_EXERCISE DETAILS_. Copy out the entries that follow exactly, leaving out the pictures.

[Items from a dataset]
* * * * *
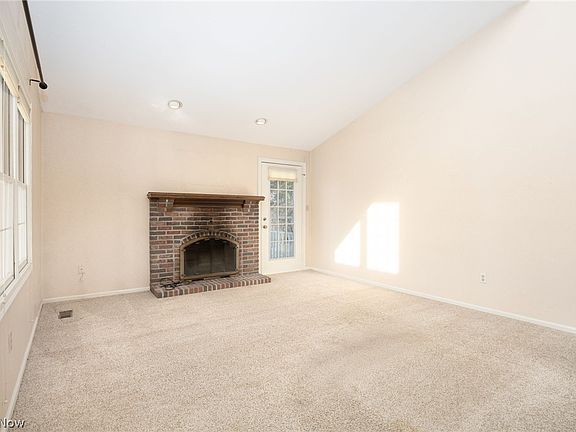 5th image of 1605 Chapman Way #14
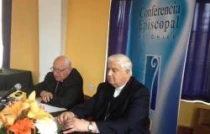Mons. Ricardo Ezzati y Mons. Alejandro Goic en la presentaciu00f3n del mensaje (foto iglesia.cl)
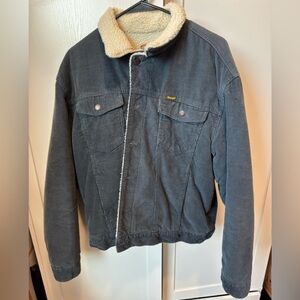 MEN'S WRANGLER® SHERPA LINED CORDUROY JACKET IN OMBRE BLUE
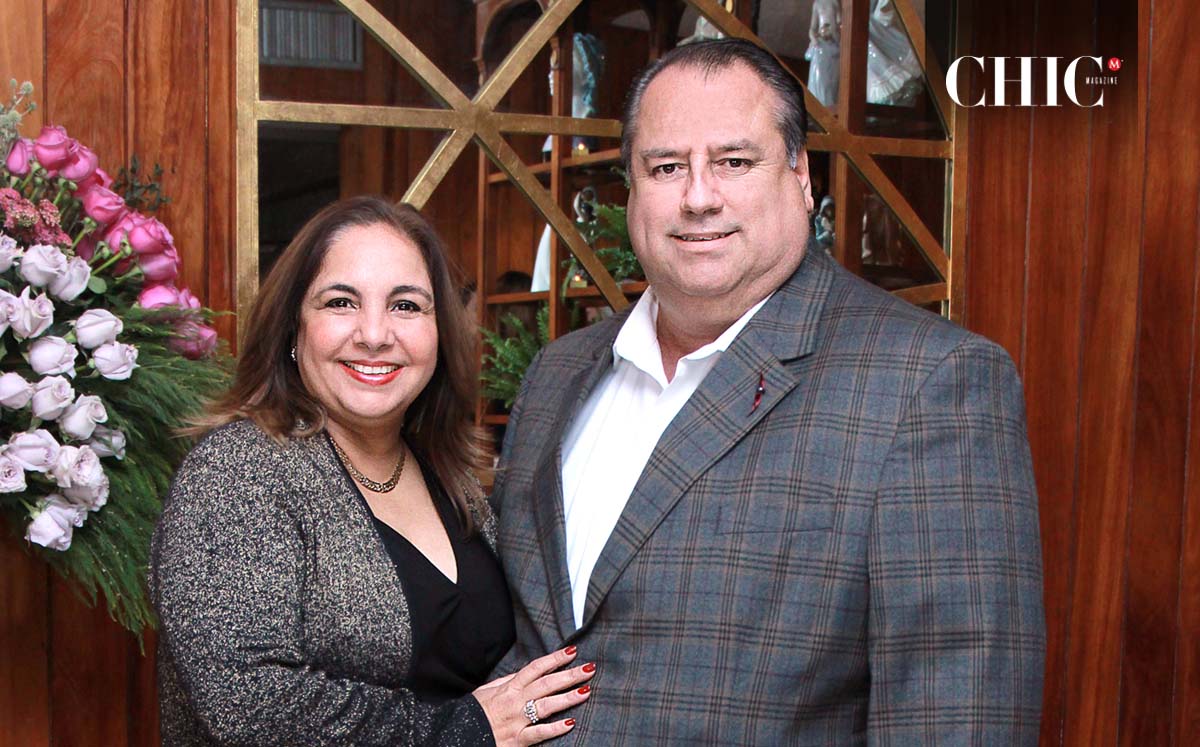 ALEJANDRA GUERRERO Y JAIME HERRERA disfrutaron de un brindis en honor a María Fernanda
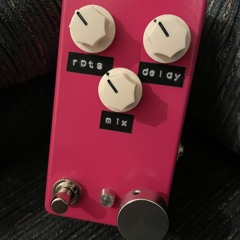 Deep Blue Delay #2 w/ oscillation footswitch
* * * * *
_SOLVED PROBLEM_.
 5th image of 1605 Chapman Way #14
Mons. Ricardo Ezzati y Mons. Alejandro Goic en la presentaciu00f3n del mensaje (foto iglesia.cl)
 MEN'S WRANGLER® SHERPA LINED CORDUROY JACKET IN OMBRE BLUE
 ALEJANDRA GUERRERO Y JAIME HERRERA disfrutaron de un brindis en honor a María Fernanda
 Deep Blue Delay #2 w/ oscillation footswitch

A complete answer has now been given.